- _THE TASK_
Entries follow. Give back exactly the lines starting at the one containing "Slide: The Image" and ending at the one containing "Draufsicht auf eine", and no other lines.

- _SUPPLIED MATERIAL_
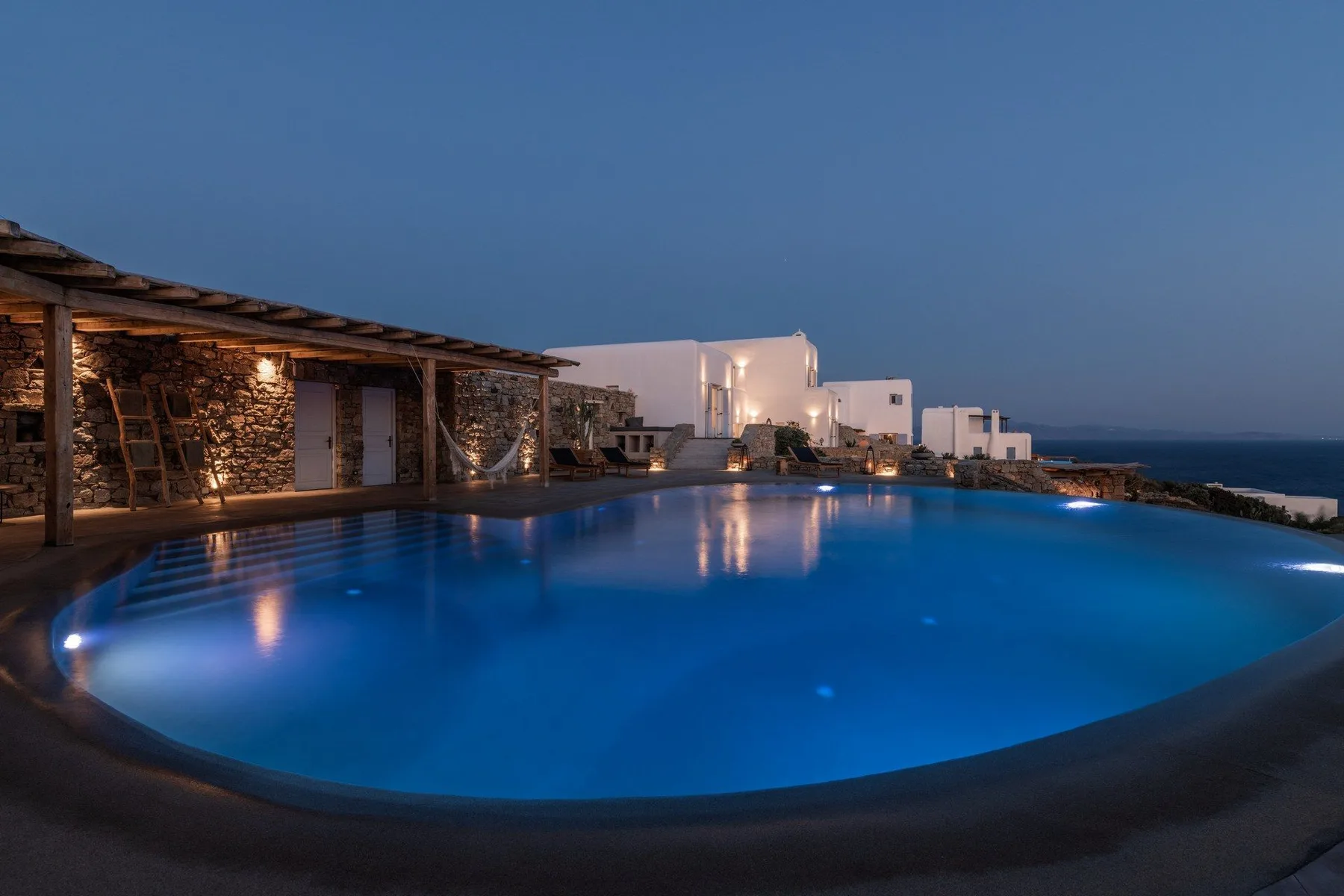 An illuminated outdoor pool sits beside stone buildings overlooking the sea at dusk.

* * *

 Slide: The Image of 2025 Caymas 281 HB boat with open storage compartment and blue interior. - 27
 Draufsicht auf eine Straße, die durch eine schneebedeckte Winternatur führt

- _THE COMPLETED TASK_
 Slide: The Image of 2025 Caymas 281 HB boat with open storage compartment and blue interior. - 27
 Draufsicht auf eine Straße, die durch eine schneebedeckte Winternatur führt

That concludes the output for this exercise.